Are you sure of that DV? Do you have loose switches to do a head-to-head test? Just push the 2 different switch stems against each other slowly and watch who wins. Looking at a spring will not tell you how similar it is to another spring.
Yep, I compared them head-to head. from the 110 of each. I have much less greens, now that I've put them in my plate, but I still have some loose ones.
I'll try it again, and post pictures of the springs/guts disassembled. Not Super HQ pictures, mind; (with my cheap refurbished point&shoot) but I should at least have clear ones on white paper.
Wow, just took a ton of pictures. The springs do seem to be the same (same number of coils, same number of rotations). The sliders appear to be the same (and amount of motion, same bump size/shape). Frist time using the "small currency mass force test", I cane up with the white ones being one dime lighter! I then repeated the test trying to eliminate off-axis loading, and got the same mass each time. (it held at 12 nickels and 10 dimes, and actuated at the 11'th dime every time, excluding eccentrically loaded cases, That's 82.68g
for those interested)
I'm uploading a ton of pictures to photobucket, and I'll just share the album. I'll post the money shots as higher quality ones on imm.io or upload them here.

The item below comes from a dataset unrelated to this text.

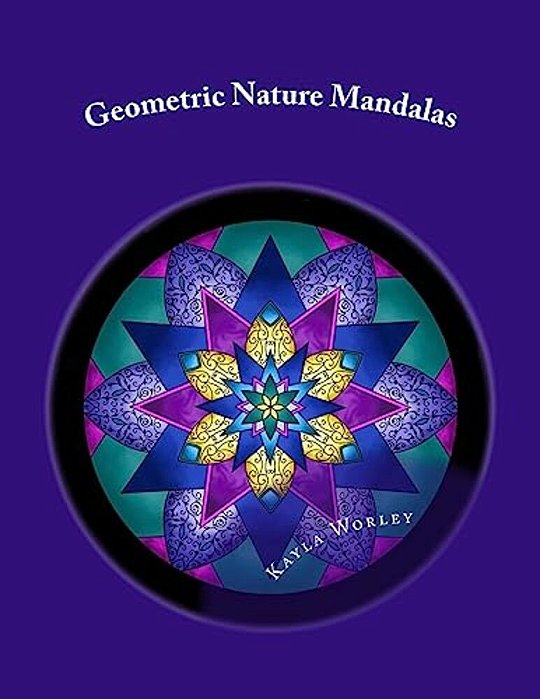 Geometric Nature Mandalas: Unique Designs For All Ages To Color-..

Edit: Looking at the pictures, I think it might have been the diffrence between 9 and 10. Both held up 10.
After testing, I did note that the white was easier to actuate with 10 on it than ther green. This can be for one (or more) of several reasons:
1. The slider is black, perhaps it has some lesser amount of friction (doubtful, as the metal crosspoints don't really add that much force)
2. They are different by some factor I do not know
3. They are the same, and the 2 or so gram difference is just manufacturing tolerances (2.3% difference isn't really that much).
4. Experimental error (more vibrations caused my the white being at the edge of the board, etc.)
5. User error. (Maybe they were the same, and it's just me expecting a difference, and seeing one).
I would also like to note that both the fully loaded switches were easy to actuate with vibrations, breathing, etc. They could hold the weight for some time, though. (Up to a minute, I would imagine, until stray vibrations, etc moved them.)
If you want, I'll run a multi-factor analysis with an ANOVA table and everything to try and see what exactly the issue is. Unfortunately, since my measurement error is so high, I'd need more precise weights and scales to be able to draw any sort of conclusion from it. Given those weights or scales, I'd happily do this. I enjoy engineering tests.
i was under the impression that whites had a tactile bump similar in size to clears in addition to the clicky slider.
They looked the same to me. You'll be able to judge this for yourself from the pictures I took several, and only some are appreciable blurry!
"small currency mass force test" pictures to be added later.
After some more subjectivity, the "click" on the green I tried just now does sound like it might be a little more loud, sharp, less dampened than the white.